(Data items)

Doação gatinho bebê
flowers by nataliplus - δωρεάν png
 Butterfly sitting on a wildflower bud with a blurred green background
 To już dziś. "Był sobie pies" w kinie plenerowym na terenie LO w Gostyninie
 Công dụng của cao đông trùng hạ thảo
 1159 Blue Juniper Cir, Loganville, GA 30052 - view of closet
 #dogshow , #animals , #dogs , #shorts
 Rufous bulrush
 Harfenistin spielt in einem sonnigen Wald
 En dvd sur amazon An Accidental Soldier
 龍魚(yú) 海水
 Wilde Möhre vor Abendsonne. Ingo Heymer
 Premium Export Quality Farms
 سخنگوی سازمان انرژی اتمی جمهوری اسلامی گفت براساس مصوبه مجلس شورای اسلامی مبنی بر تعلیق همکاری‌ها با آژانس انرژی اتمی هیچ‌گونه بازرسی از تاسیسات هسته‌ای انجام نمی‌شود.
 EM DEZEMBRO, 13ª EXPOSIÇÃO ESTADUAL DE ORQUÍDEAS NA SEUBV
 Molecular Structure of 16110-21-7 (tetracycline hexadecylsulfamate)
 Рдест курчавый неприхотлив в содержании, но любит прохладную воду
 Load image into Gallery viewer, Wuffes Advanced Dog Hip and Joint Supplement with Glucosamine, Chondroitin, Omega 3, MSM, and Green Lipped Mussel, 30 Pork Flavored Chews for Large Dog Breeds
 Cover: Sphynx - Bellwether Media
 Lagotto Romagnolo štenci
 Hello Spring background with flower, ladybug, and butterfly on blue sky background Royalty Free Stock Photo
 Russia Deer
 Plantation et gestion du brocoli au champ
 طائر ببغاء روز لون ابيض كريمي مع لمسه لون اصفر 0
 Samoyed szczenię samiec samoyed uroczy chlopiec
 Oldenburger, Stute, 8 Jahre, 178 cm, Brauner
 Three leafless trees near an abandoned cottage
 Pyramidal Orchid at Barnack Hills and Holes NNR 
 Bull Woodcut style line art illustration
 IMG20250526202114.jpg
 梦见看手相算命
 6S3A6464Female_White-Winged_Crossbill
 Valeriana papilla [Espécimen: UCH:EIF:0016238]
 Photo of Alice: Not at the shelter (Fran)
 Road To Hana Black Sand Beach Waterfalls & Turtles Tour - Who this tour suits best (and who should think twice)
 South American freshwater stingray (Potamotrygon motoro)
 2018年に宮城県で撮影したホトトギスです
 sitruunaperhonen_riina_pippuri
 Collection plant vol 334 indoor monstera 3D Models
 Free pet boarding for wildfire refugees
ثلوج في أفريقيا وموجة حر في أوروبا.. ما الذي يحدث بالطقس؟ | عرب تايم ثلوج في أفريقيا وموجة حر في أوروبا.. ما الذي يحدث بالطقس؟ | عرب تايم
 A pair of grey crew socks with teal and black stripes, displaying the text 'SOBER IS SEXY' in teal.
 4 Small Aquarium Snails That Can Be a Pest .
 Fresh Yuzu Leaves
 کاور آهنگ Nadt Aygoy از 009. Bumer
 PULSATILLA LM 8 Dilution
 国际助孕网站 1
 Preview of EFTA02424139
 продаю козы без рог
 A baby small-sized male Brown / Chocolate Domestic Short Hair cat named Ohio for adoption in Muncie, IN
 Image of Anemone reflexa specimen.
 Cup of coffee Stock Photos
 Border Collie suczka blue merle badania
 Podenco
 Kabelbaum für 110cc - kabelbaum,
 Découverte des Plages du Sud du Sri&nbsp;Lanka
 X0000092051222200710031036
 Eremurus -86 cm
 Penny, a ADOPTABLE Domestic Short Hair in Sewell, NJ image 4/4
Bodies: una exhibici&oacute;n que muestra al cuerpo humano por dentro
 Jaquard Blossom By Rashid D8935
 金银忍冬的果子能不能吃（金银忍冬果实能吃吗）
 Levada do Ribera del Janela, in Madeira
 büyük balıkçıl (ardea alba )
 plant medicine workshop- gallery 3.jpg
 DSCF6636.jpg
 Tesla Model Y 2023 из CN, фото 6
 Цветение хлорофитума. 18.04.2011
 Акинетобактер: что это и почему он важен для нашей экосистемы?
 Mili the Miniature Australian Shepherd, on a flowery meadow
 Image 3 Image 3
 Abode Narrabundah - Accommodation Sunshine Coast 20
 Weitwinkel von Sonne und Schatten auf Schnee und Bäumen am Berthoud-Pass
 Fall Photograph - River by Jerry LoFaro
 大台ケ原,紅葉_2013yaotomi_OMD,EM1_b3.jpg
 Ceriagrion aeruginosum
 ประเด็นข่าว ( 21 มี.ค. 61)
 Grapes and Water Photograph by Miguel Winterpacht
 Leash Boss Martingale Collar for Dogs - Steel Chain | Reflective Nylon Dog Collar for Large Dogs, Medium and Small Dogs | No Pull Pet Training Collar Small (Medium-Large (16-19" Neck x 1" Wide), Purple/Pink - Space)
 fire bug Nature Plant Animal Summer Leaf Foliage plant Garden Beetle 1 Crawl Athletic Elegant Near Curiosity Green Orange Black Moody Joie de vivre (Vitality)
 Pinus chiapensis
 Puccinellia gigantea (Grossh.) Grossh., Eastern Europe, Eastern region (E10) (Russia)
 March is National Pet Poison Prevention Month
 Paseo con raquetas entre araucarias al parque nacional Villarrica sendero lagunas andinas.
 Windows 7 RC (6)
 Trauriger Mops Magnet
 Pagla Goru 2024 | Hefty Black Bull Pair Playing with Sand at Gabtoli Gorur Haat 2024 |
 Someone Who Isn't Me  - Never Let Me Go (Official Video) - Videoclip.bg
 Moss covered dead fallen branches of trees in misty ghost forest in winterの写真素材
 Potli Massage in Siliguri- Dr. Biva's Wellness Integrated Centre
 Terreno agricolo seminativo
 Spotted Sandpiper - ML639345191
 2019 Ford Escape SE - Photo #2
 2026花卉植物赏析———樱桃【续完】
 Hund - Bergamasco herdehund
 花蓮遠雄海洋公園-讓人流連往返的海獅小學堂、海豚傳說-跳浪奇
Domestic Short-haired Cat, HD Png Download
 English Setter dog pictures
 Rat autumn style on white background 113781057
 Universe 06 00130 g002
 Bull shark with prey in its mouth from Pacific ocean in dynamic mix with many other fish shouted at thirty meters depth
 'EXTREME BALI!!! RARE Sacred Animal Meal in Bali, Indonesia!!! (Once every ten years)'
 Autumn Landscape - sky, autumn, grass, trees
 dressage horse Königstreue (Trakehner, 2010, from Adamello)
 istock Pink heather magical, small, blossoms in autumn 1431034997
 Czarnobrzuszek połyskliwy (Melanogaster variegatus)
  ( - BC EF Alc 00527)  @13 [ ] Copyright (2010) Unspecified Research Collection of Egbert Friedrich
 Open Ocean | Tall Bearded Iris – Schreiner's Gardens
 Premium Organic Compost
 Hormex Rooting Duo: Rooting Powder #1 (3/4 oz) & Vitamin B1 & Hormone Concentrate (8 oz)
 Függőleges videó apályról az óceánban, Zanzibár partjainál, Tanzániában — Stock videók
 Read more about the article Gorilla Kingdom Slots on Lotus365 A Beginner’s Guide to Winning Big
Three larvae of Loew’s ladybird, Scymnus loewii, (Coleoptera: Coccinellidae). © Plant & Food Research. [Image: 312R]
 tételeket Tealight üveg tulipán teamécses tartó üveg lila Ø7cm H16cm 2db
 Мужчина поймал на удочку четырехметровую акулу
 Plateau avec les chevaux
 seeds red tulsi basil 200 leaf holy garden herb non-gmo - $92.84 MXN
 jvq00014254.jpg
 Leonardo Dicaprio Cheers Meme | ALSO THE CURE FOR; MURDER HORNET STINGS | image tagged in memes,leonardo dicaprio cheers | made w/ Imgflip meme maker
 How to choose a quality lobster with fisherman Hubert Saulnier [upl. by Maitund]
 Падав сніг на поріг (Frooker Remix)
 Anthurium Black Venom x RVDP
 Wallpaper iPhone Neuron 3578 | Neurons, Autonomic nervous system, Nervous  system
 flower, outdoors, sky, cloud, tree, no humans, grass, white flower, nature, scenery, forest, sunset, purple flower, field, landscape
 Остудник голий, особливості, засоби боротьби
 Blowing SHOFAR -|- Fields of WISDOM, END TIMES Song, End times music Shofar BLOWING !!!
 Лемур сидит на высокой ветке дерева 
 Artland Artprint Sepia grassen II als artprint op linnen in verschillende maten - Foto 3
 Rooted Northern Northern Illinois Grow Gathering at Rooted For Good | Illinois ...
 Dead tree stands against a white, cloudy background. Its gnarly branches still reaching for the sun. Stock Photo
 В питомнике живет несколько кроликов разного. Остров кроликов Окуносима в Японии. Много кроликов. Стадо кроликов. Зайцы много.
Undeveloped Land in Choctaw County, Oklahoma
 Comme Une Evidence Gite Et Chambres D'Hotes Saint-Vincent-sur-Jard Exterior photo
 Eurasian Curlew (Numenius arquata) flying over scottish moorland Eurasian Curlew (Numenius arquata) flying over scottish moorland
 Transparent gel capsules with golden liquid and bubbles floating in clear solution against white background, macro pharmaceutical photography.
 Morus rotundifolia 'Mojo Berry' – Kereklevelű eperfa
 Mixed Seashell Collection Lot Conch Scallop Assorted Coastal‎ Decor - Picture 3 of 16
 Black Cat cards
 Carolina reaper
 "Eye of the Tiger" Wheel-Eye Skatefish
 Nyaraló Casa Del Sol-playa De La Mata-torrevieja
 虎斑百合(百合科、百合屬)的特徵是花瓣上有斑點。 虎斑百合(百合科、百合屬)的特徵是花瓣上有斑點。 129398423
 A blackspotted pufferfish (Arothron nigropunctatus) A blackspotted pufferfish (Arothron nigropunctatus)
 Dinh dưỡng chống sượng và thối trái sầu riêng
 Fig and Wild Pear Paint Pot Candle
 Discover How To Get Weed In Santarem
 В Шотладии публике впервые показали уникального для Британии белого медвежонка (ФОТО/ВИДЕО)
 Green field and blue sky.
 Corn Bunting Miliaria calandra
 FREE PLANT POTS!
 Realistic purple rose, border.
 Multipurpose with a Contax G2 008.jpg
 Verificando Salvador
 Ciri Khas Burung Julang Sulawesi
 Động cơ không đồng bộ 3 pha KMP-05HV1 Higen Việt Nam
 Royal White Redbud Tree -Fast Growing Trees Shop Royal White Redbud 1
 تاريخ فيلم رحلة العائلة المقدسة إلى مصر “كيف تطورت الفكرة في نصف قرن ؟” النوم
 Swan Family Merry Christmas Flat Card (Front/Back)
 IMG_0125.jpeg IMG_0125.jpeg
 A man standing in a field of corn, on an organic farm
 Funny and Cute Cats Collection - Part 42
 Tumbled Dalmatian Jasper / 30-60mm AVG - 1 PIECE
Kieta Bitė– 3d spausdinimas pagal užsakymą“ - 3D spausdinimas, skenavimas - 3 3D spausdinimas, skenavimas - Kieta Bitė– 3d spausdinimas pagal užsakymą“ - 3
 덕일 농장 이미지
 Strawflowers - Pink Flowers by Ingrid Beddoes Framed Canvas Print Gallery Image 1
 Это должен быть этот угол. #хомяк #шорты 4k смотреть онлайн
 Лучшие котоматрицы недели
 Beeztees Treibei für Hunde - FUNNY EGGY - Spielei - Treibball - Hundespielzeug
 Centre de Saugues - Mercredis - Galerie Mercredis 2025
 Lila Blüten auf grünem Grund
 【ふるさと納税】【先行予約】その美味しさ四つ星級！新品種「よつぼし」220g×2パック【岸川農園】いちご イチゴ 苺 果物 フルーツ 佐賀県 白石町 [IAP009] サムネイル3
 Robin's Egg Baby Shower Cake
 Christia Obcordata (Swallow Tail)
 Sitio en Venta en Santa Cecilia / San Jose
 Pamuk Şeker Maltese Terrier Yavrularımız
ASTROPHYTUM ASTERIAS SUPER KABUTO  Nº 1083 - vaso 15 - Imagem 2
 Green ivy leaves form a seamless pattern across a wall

> **Work request**
Above are the records; repeat exactly the lines from the one holding "A pair of grey" down to the one holding "Eremurus -86 cm", end lines included.

> **Task answer**
 A pair of grey crew socks with teal and black stripes, displaying the text 'SOBER IS SEXY' in teal.
 4 Small Aquarium Snails That Can Be a Pest .
 Fresh Yuzu Leaves
 کاور آهنگ Nadt Aygoy از 009. Bumer
 PULSATILLA LM 8 Dilution
 国际助孕网站 1
 Preview of EFTA02424139
 продаю козы без рог
 A baby small-sized male Brown / Chocolate Domestic Short Hair cat named Ohio for adoption in Muncie, IN
 Image of Anemone reflexa specimen.
 Cup of coffee Stock Photos
 Border Collie suczka blue merle badania
 Podenco
 Kabelbaum für 110cc - kabelbaum,
 Découverte des Plages du Sud du Sri&nbsp;Lanka
 X0000092051222200710031036
 Eremurus -86 cm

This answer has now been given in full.